Gemi bir şekilde kalkıyor, biraz yol alıyor açık denizlere giremeden geri dönüyor.
Sukünet içerisinde düşünüp kavga etmeden çözüm üretmek en çok böyle dönemlerde lazım.
Ama ne mümkün...
Çözüm paketi dialog yetersizliğinden ötürü yerinde sayıyor.
İktidarın propaganda makinesi çözüm sürecinin yeni bir aşaması olan silah bırakma muhabbetine dönüştü.
Neredeyse barış geldi havası içerisine girildi.

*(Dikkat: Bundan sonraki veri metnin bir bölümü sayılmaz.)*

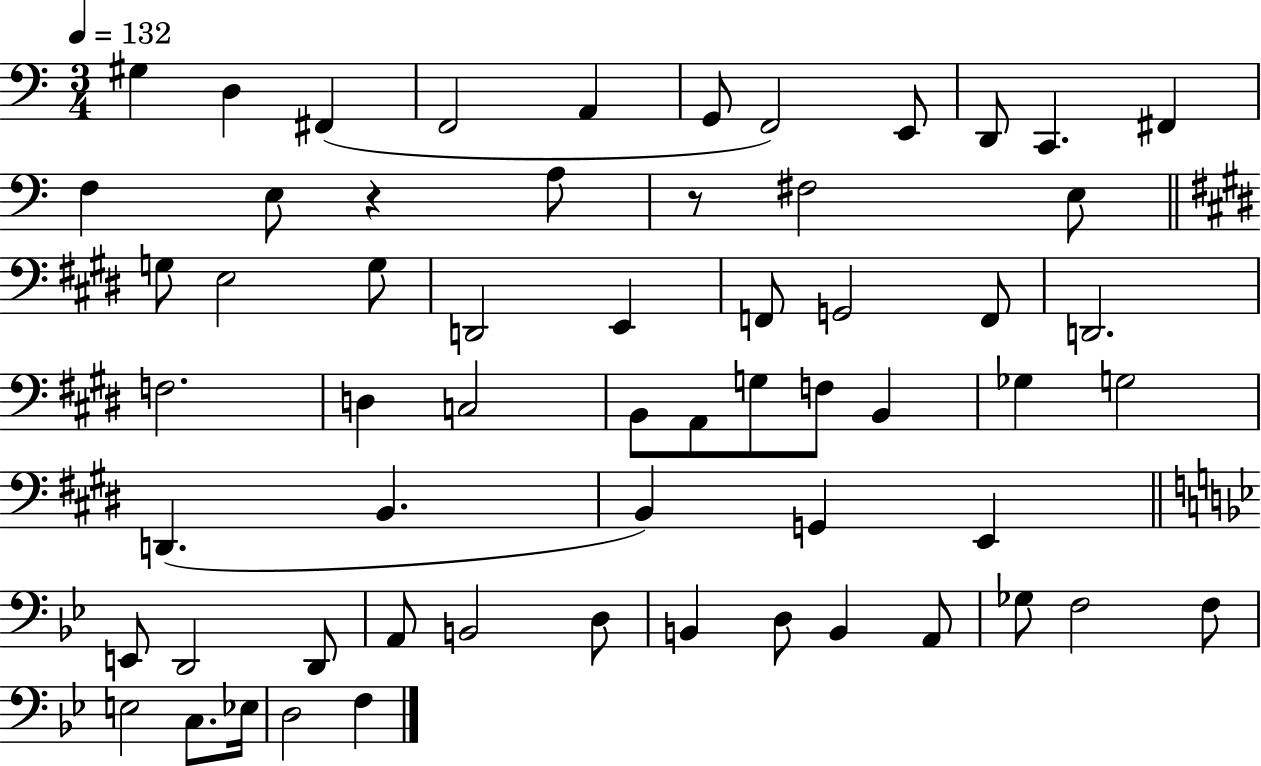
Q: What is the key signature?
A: C major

Barış şöyle dursun “mutabakat” ifadesi bile yeterli olurdu ama o bile olmadı.
Yaşanan sürecin doğru tanımlanması yapılan görüşmelerin dürüstçe ortaya konması gerekir.
Toplumun sınırlı bir bölümü elde edilmiş ortak kabuller konusundan son derece memnun ve umutlu.

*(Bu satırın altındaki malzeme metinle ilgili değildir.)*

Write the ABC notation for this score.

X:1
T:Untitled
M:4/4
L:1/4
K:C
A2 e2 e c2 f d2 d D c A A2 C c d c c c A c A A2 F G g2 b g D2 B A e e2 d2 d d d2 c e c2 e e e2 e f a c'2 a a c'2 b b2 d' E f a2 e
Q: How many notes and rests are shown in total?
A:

Diğer kesim ise ikna edici açıklama bekliyor.
Toplumda içten içe çözülmeler yaşanıyor.
Rahmetli anam bize çocukken fıkra anlatırdı.
“Önümüzdeki ay tamam, borcumuz bitecek normale döneceğiz” söylerdi.

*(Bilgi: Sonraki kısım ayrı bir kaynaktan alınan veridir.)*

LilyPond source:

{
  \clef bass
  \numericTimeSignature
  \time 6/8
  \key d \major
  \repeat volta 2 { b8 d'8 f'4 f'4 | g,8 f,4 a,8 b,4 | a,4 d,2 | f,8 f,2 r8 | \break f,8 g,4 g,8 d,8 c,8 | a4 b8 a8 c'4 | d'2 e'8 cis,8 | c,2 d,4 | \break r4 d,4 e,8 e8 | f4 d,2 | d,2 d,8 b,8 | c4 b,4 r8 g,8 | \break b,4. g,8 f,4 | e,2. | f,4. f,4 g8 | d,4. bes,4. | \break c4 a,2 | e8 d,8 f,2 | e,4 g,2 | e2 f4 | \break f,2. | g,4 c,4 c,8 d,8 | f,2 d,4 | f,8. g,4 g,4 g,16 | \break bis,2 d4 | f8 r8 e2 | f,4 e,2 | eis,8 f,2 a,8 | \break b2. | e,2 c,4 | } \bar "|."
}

Ardından da gülerek fıkraya geçerdi.
“Nasrettin Hoca birinden borç talep edermiş adam parayı vermeden önce ne zaman ödersin diye sorarmış, Hoca’da laf hazır; “o parayla dikenli tel alacağım onları koyun sürülerinin geçtiği yol kenarlarına yerleştireceğim koyunlar geçerken yünleri tellere takılacak, ben de toplayıp çorap yapacağım, pazarda satıp borcumu geri ödeyeceğim.”
Adam başlamış gülmeye, Hoca hemen lafı gediğine yerleştirmiş “gördün peşin parayı nasıl da gülersin değil mi”
Şu barış görüşmeleri de biraz böyle.
Çitler çekilecek, koyunlar geçecek, yünler takılacak...!
Barış sözcüğünün telafuzu bile önemli.
İnsanların algınısını bile değiştirir önemli olan bu sözleri seçim meydanlarında değil normal dönemlerde söylemek lazım.